Dataset content:
++++++++++
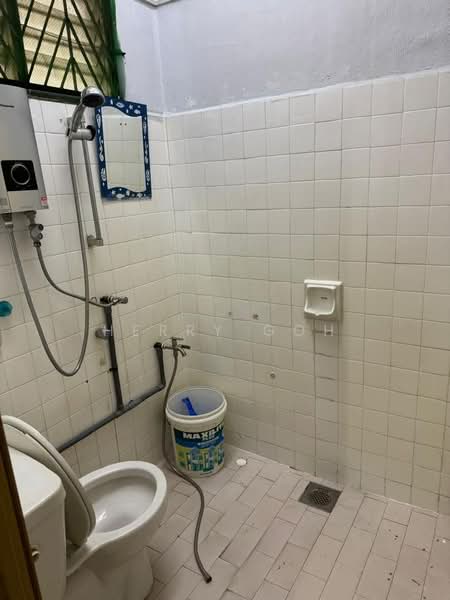 2-storey Terraced House for Sale in Taman Pelangi (Johor Bahru) - Herry Goh - Bathroom - PropertyGuru.com.my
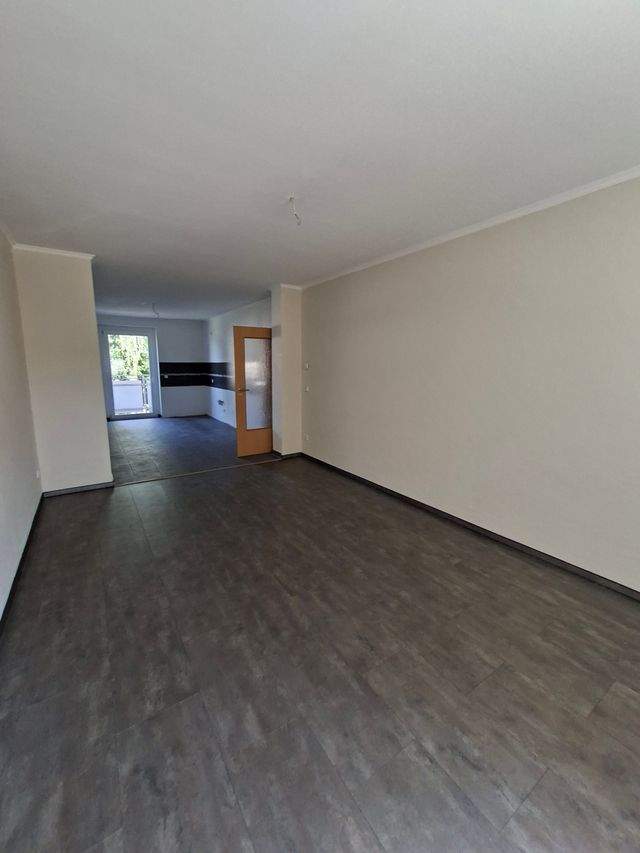 Helle 3 Raum Wohnung mit Balkon, Bad mit Dusche und Wanne ab sofort in Zwickau zu vermieten - Photo 1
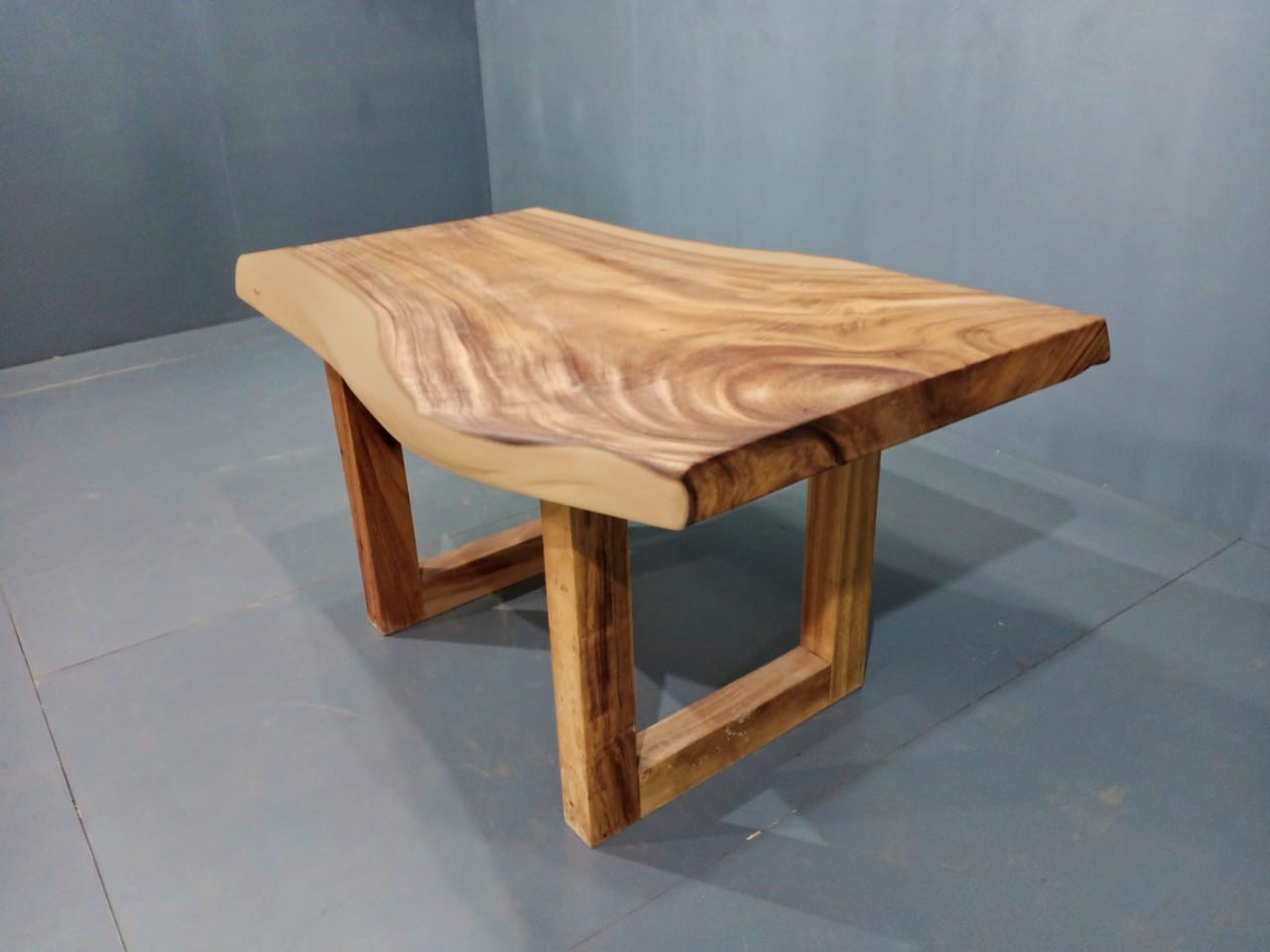 Live Edge Tables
++++++++++
Your task:
Every line of the material above should be repeated exactly, except for the pictures.

Written response:
 2-storey Terraced House for Sale in Taman Pelangi (Johor Bahru) - Herry Goh - Bathroom - PropertyGuru.com.my
 Helle 3 Raum Wohnung mit Balkon, Bad mit Dusche und Wanne ab sofort in Zwickau zu vermieten - Photo 1
 Live Edge Tables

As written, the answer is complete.